Factors Favouring Confirming Any Other Information is Held
By confirming or denying whether any other information is held relevant to your request would lead to better public awareness into how Northumbria Police tackle crime which may lead to more information being submitted from the public which may culminate in a reduction of crime. It will also enable the public to scrutinise the Police procedures in protecting the public from this type of vicious crime.
Factors Against Confirming Any Other Information is Held
The Police Service will not confirm whether or not it is involved in any other areas monitoring of offenders.  To do so would disclose information to the detriment of law enforcement techniques as evidenced within the above harm. 
Balance test
The Police Service is charged with enforcing the law, preventing and detecting crime and protecting the communities we serve.
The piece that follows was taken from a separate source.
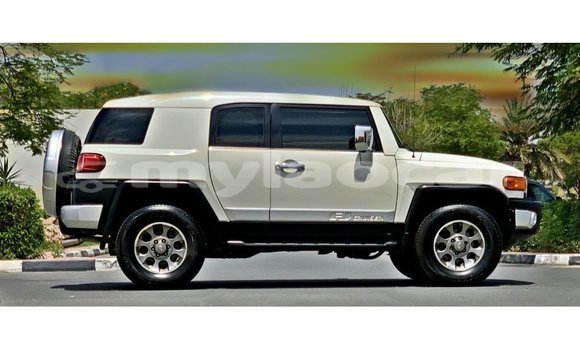 Buy Import Toyota FJ Cruiser White Car in Import - Dubai in Attapeu Province Buy Import Toyota FJ Cruiser White Car in Import - Dubai in Attapeu Province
Whilst there is a public interest in the transparency of policing operations/ tactics and providing assurance that the police service is appropriately and effectively engaging with the threat posed by those with a criminal intent, there is a very strong public interest in safeguarding the integrity of police investigations and operations in this highly sensitive area. As much as there is public interest in knowing that policing activity is appropriate and balanced, this will only be overridden in exceptional circumstances. It is therefore our opinion that for these issues the balance lies in favour of neither confirming or denying that any other information is held relevant to the request.

Due to the different methods of recording information across 43 forces, a specific response from one constabulary should not be seen as an indication of what information could be supplied (within cost) by another.  Systems used for recording these figures are not generic, nor are the procedures used locally in capturing the data.  For this reason responses between forces may differ, and should not be used for comparative purposes.

The information we have supplied to you is likely to contain intellectual property rights of Northumbria Police.  Your use of the information must be strictly in accordance with the Copyright Designs and Patents Act 1988 (as amended) or such other applicable legislation.  In particular, you must not re-use this information for any commercial purpose.


How to complain

If you are unhappy with our decision or do not consider that we have handled your request properly and we are unable to resolve this issue informally, you are entitled to make a formal complaint to us under our complaints procedure which can be found at: http://www.northumbria.police.uk/foi/disclosurelog/foicomprights.asp

If you are still unhappy after we have investigated your complaint and reported to you the outcome, you may complain directly to the Information Commissioner’s Office and request that they investigate to ascertain whether we have dealt with your request in accordance with the Act.